Conseguentemente, secondo l’Agenzia, qualora il consumo non avvenga presso i locali dell’esercente, le cessioni degli alimenti e delle bevande devono essere valutate separatamente dal punto di vista dell’applicazione dell’Iva e assoggettate ciascuna all’aliquota propria (ridotta o ordinaria), dovendosi altresì escludere che una delle cessioni di beni inserite nella confezione configuri un’operazione principale, agli effetti dell’Iva, rispetto alle altre cessioni.
Quindi, per fare un esempio, in caso di asporto o consegna a domicilio di un pranzo completo, si pagherà l’Iva al 10% per l’acqua minerale, al 4% per il pane, al 10% per un piatto di pasta (preparazione alimentare), sempre al 10% per la carne o il pesce, al 4% per i formaggi, al 22% per le aragoste, gli astici o le ostriche, al 4% per la frutta fresca, al 22% per il vino, la birra o la coca cola.
Insomma, una risposta, quella dell’Agenzia delle Entrate, non conforme a quella fornita dal Mef in occasione della risposta all’interrogazione parlamentare, una risposta che certamente non favorisce l’attività di tanti contribuenti i quali, non per loro volontà ma impediti per legge a svolgere la loro abituale attività di somministrazione di bevande ed alimenti, cercano di trovare una soluzione per continuare a lavorare evitando ulteriori conseguenze per la loro attività e per i propri dipendenti.
Ma il Legislatore non è un robot.
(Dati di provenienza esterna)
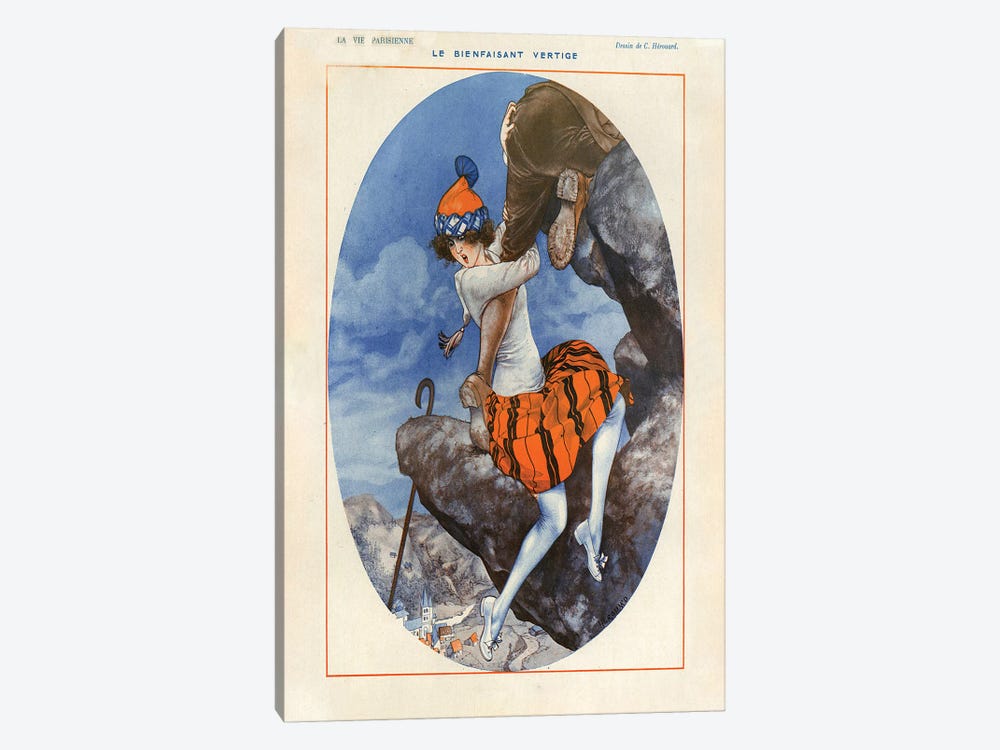 1921 La Vie Parisienne Magazine Plate by The Advertising Archives 1-piece Canvas Print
È vero che la legge normalmente non disciplina casi specifici, ma in questo caso la necessaria capacità di discernimento non può non portare ad una giusta riflessione sulla questione.
Quindi, un chiarimento legislativo, magari in uno dei Decreti Ristori in corso di conversione, è assolutamente indispensabile, consentendo, anche nel caso di “asporto necessitato”, e comunque durante il periodo emergenziale, l’applicazione dell’aliquota del 10% prevista per la somministrazione, sia per non aumentare il peso fiscale delle operazioni svolte in questo particolarissimo momento, ma anche per evitare agli esercenti interessati inutili e costose complicazioni amministrative che, sempre in questo periodo, è assolutamente consigliato di evitare.